Photograph by Eddie Lin
And even though Huell half-jokingly stated that he’d left Tennessee so he didn’t have to eat things like pig ears, the moment he tasted them, he was won over by the flavor and went back for seconds. It was a segment of time I am happy to be able to replay over and over again because I have the episode on DVD with the compliments of Huell Howser. He made sure all his guests had copies without having to request them. And as improbable as it may seem due to his packed schedule, Huell even personally called his guests—myself included (a delightful surprise to be sure)—to remind them of when their episodes would air, even as a rerun.
My first meeting with Huell Howser was at the Dorothy Chandler Pavilion during the annual L.A. County Holiday Celebration. He was playing co-host for the KCET live broadcast. My friends and I stalked and cornered him for a photo. It turns out we didn’t need to stalk or corner the man at all; Huell was willing to give us as much time as he had during his break. We never got the impression that we were bothering him and he never rushed us along.

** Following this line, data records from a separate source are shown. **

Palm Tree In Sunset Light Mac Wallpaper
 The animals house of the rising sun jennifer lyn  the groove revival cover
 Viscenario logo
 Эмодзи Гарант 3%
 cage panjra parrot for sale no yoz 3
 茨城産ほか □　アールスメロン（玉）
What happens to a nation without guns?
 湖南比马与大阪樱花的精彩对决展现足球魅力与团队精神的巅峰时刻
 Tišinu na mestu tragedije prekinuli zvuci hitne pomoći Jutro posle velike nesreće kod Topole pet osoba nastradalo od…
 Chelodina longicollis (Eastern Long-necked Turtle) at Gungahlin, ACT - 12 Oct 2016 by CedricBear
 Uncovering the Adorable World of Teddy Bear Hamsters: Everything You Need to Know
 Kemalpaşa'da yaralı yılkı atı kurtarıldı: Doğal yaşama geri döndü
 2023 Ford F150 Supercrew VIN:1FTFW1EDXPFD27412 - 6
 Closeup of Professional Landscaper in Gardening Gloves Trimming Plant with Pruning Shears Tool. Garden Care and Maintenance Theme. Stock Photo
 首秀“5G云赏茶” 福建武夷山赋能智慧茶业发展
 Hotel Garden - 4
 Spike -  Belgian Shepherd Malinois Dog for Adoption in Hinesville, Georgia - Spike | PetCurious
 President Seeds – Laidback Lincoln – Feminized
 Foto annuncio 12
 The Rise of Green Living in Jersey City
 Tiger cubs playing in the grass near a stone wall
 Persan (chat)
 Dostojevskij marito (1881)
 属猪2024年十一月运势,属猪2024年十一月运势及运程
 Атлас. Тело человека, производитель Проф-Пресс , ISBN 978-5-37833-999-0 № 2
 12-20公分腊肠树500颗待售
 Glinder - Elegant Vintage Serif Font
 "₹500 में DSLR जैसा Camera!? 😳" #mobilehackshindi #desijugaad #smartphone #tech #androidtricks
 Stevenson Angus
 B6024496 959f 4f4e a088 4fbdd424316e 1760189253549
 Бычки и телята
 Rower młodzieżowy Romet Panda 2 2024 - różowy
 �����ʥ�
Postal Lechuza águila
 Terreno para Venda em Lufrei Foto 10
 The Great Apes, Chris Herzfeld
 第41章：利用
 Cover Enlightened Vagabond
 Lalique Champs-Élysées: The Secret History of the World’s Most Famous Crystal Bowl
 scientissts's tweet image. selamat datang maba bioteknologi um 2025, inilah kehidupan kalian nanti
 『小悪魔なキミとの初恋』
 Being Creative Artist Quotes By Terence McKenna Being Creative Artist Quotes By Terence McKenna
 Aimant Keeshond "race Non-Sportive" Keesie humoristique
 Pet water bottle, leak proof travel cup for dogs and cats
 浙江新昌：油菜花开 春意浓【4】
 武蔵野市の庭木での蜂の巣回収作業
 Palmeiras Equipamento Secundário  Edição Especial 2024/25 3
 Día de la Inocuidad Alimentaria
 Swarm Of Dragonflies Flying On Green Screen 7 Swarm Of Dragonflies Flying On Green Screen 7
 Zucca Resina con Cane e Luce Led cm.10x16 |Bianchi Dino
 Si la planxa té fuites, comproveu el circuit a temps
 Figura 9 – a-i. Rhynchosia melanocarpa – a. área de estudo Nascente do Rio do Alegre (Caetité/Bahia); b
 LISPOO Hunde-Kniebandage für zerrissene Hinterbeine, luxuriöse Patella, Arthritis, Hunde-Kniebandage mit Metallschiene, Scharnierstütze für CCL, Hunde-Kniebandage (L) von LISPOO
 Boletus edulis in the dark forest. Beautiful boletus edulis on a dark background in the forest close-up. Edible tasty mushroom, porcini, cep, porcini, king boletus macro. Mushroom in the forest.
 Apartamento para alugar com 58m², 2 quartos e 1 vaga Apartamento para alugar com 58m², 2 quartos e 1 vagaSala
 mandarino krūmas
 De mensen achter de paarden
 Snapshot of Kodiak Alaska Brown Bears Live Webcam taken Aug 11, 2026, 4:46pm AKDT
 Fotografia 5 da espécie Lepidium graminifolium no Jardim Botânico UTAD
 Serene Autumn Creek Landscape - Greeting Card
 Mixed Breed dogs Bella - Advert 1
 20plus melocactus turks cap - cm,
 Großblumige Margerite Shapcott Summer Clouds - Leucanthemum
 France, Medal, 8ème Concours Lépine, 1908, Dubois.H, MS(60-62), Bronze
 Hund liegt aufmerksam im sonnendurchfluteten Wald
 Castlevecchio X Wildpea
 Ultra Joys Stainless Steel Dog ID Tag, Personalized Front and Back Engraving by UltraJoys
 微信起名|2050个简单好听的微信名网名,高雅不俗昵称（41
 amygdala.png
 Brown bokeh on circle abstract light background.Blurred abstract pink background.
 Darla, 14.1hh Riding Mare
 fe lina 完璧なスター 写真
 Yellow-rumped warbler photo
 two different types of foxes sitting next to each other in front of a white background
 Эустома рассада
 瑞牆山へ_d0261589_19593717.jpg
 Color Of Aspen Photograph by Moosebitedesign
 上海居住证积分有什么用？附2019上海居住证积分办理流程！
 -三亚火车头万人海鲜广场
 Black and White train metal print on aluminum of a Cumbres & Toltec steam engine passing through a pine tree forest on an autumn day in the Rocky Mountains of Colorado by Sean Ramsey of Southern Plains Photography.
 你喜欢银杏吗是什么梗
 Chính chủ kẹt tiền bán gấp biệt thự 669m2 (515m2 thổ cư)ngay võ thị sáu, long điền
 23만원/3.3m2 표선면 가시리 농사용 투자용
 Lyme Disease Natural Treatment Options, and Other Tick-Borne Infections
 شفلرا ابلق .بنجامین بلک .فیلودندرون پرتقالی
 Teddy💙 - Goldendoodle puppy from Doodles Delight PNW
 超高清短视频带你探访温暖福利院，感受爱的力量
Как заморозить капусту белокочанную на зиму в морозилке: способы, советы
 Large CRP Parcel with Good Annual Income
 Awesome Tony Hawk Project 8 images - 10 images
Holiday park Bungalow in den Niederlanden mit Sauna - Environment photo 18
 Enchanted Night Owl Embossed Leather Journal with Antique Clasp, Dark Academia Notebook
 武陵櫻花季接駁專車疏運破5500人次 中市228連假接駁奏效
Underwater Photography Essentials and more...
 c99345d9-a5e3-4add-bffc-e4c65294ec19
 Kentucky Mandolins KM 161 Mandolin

My first appearance on his show Visiting with Huell Howser was a nerve-wracking one. He invited me to speak about halal food. I didn’t know very much about halal at the time. All I knew was that it’s the Muslim version of kosher. My friend Shahed Amanullah, co-founder of Zabihah.com—a halal food finder Web site—was the person who inspired Huell to do a show on the subject when he heard him on the KCRW Good Food Show. But Shahed lived in Austin, Texas back then and since I was connected to Shahed, Huell contacted me to do the episode as a food writer. I recall cramming everything I could learn about halal food (prepared according to Islamic law) in the days leading up to my appearance. Shahed helped me like a tutor prepping his student for finals. When I met Huell at the first location—Payless International Market—he caught me frantically scanning my notes. He approached me and wryly observed, “Are those your crib notes?”
I also remember him remarking during a phone call prior to the halal shoot, “You ain’t Muslim and I ain’t Muslim. Maybe we should get someone who’s Muslim to join us.” I don’t bring this up to point out that Huell was the master of stating the obvious, but to highlight his sensitivity to the audience, specifically the Islamic audience of whose dietary practices we would be discussing. Eventually he did bring on Edina Lekovic, a well-known spokesperson for the American Muslim community, “to keep us on the straight and narrow” as he put it.
But it was that particular episode when I realized Huell Howser’s real connection with people of all cultures, races, ages and demographics. He was stopped more times than I can remember by people on the street, in the store, and at the restaurant. While I viewed it as somebody interrupting the shot, he saw it as an opportunity to talk to a real person of the community. He never broke stride as he went from speaking with me to pointing out a grocery item to chatting it up with a random customer. This was the real Huell at work. The Huell that I found so difficult to believe to be real. In this day and age when tragic news is rampant. When small events don’t matter. When regular folks doing regular things are far from newsworthy… Huell listened to them all like a spiritual leader, the Dalai Lama of the Golden State. I will never forget the looks on people’s faces when they said hi to him and he stopped everything to say hi back. It was as if somebody had only now heard them for the first time in their lives. That is the power of Huell Howser. And that is beyond amazing.
I will never forget our meals together and I will never forget you, Huell. Rest in peace, sir.